[Supplied material Boundary: Start]
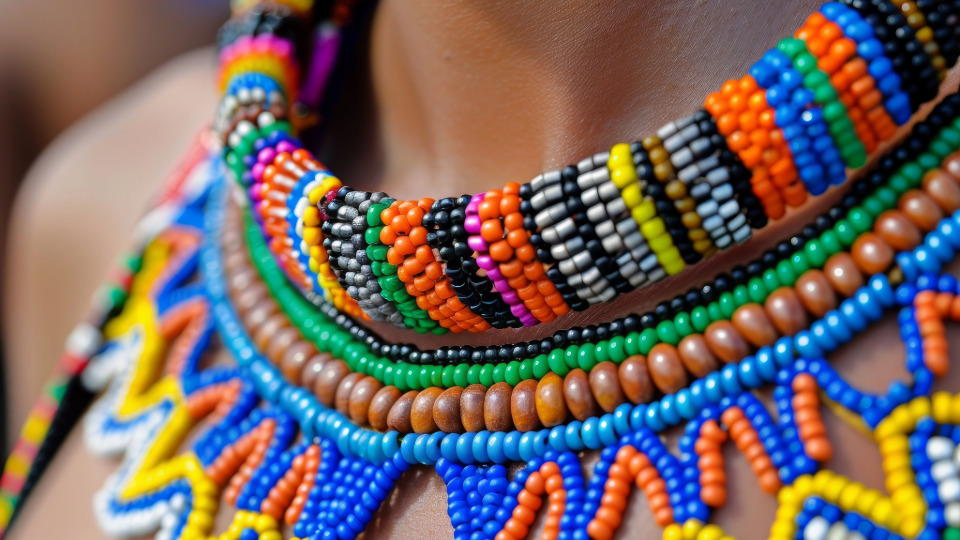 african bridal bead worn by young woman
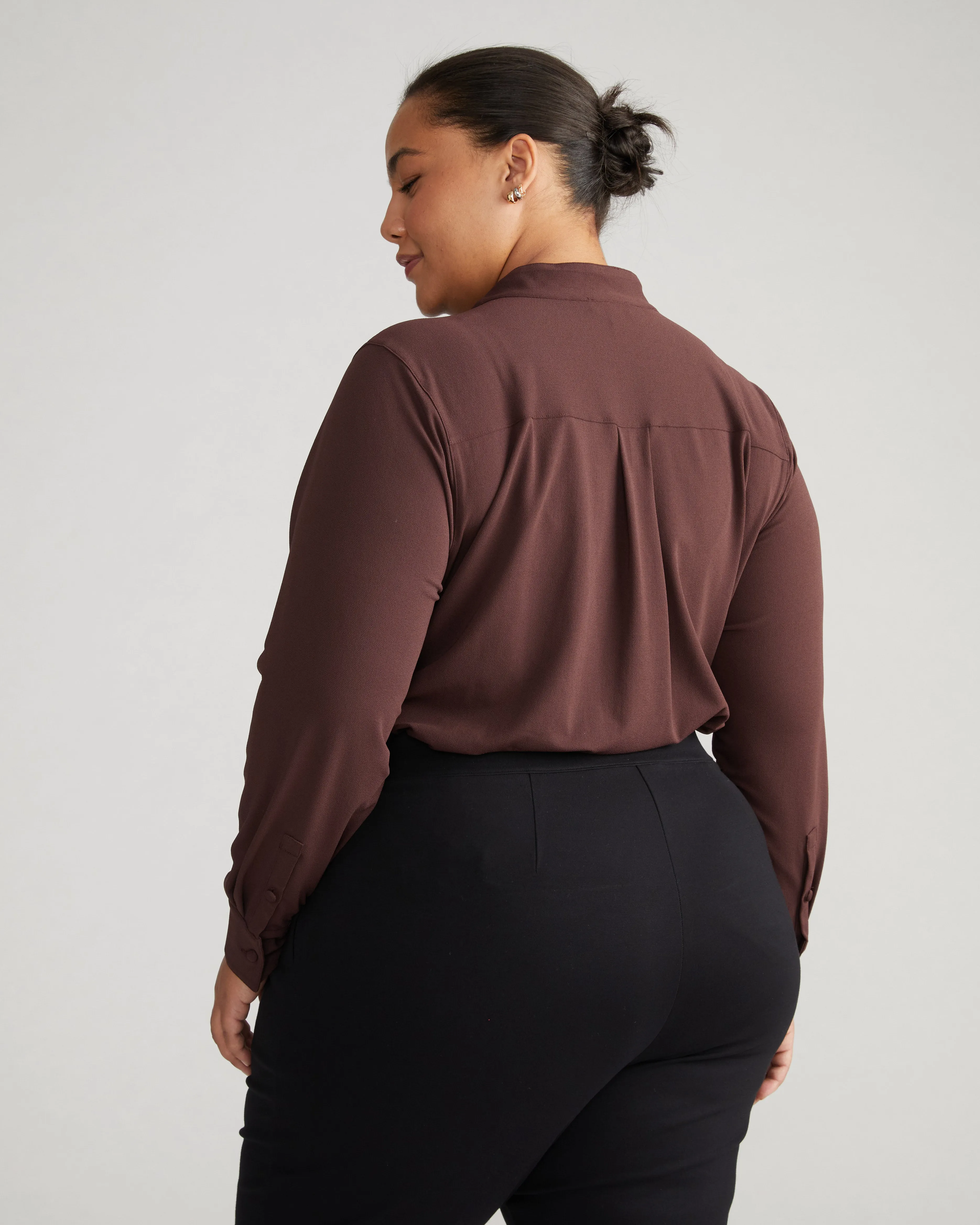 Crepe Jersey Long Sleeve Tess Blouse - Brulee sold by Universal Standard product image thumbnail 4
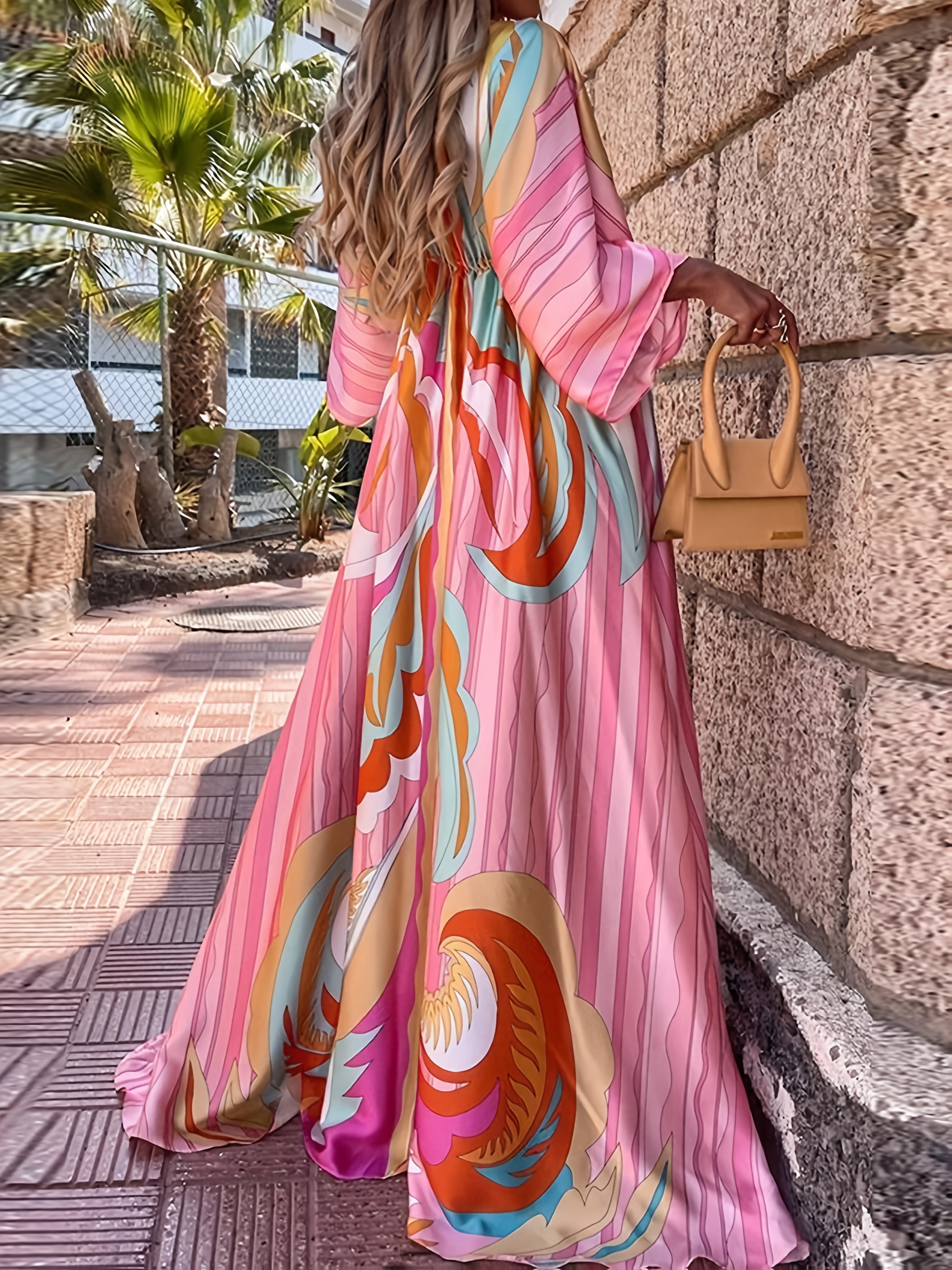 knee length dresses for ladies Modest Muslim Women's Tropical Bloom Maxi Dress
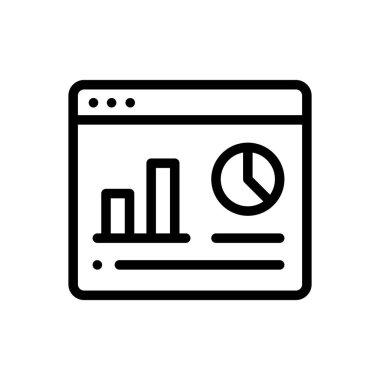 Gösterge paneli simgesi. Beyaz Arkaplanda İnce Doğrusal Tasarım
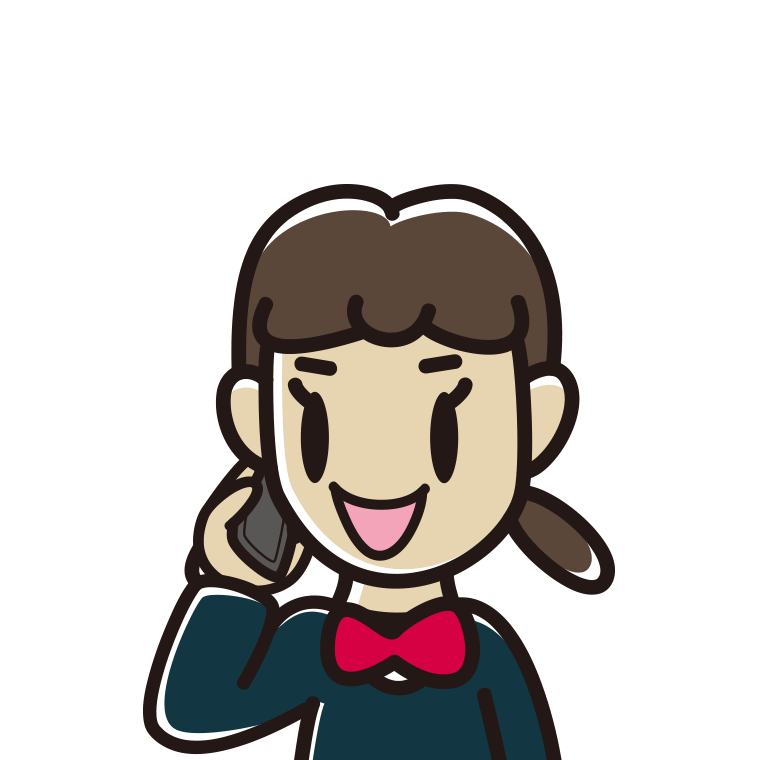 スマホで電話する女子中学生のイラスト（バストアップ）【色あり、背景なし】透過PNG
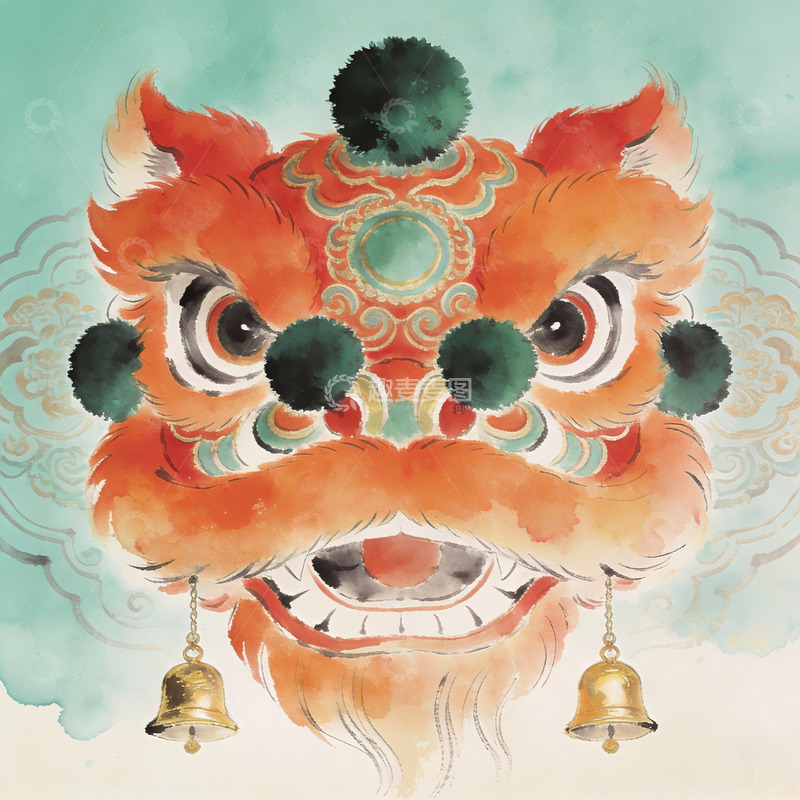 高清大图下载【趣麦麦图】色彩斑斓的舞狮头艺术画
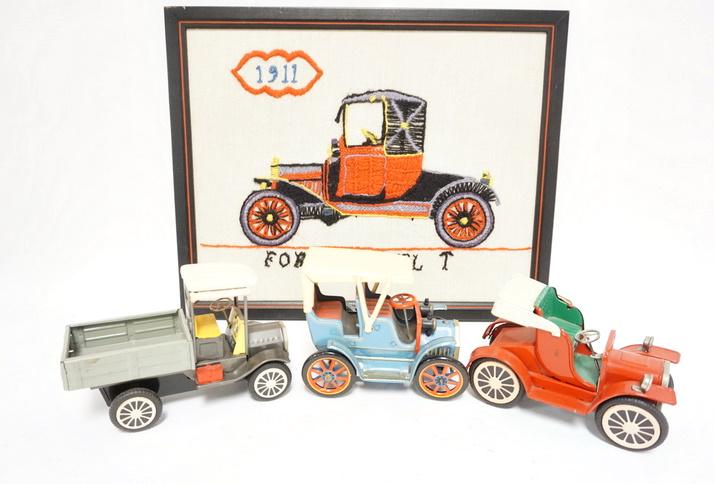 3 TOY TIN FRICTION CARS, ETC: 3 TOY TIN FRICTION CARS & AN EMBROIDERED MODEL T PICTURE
[Supplied material Boundary: End]
» **Exercise objective**:
Would you transcribe, exactly and only, the lines from the one that contains "Crepe Jersey Long" through the last line of the data above, without any pictures?

» **The answer**:
 Crepe Jersey Long Sleeve Tess Blouse - Brulee sold by Universal Standard product image thumbnail 4
 knee length dresses for ladies Modest Muslim Women's Tropical Bloom Maxi Dress
 Gösterge paneli simgesi. Beyaz Arkaplanda İnce Doğrusal Tasarım
 スマホで電話する女子中学生のイラスト（バストアップ）【色あり、背景なし】透過PNG
 高清大图下载【趣麦麦图】色彩斑斓的舞狮头艺术画
 3 TOY TIN FRICTION CARS, ETC: 3 TOY TIN FRICTION CARS & AN EMBROIDERED MODEL T PICTURE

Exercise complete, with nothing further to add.